3.11を記録すること、その以後の物語を描くこと
被災地となった故郷を、映像で紡ぐ岩崎孝正の初長編劇映画
3.11を記録すること、
その以後の物語を描くこと
被災地となった故郷を、
映像で紡ぐ岩崎孝正の初長編劇映画

監督は、長編劇映画が初となる岩崎孝正。福島県相馬市出身の岩崎は、3.11 の震災以降、故郷の映像を撮り始め、2015 年にドキュメンタリー『自然と兆候/4つの詩から』を完成させる。以降も災害や公害についての短編作品を送り出してきた。主演、理子奈役を演じたのは、『アルプススタンドのはしの方』(20)をはじめ、数々の映画に出演、『まなみ100%』(23)も控える注目の若手俳優、中村守里。夫・知久役は、近年、映画の出演に加えてドラマにも幅広く出演する内村遥が演じている。3.11 の震災から12 年―その以後の人生を描くヒューマンドラマがここに完成した。

STORY

かつて写真家であった理子奈は、広告代理店に勤める夫の知久、息子の大地と、東京近郊のマンション暮らしを始め、数年が経とうとしていた。育児をしながら、空いた時間に夫の会社から広告写真の仕事をもらい、生活に追われている。

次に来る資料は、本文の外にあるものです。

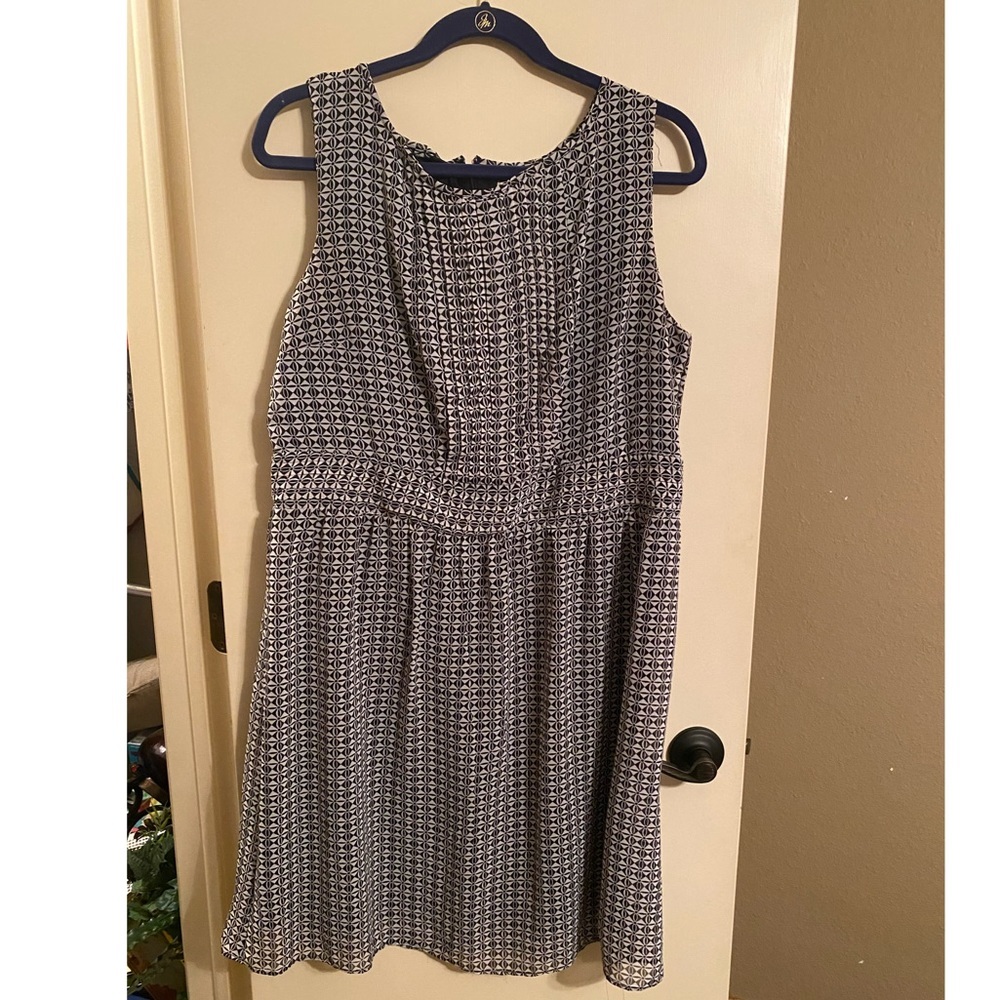 Pattered dress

彼女は東北の被災地出身で、震災で父親を失い、中学生の時に親戚に預けられ、母親とも疎遠な関係になっていた。だからこそか、夢想的に幸せな家庭をつくることに執着してしまい、現実的な夫の知久とぶつかり、噛み合わない日々が続いていた。

そんな折、かつて理子奈に写真を教えた、父親代わりでもあったベテラン写真家の浩志から、戦場に接するベラルーシに難民取材に行くという連絡を受ける。浩志は戦場カメラマンとして経験豊富とはいえ、突然の連絡に驚きと不安を隠せない。

「最近、知久の帰りが遅い…」。理子奈は夫への疑いと不安を強めていた。親友である栄子に相談したが「あんな真面目な人いないよ。心配ないよ」と言われるが、知久への疑いは日に日に募り、うなされたり不安に苛まれることが多くなる。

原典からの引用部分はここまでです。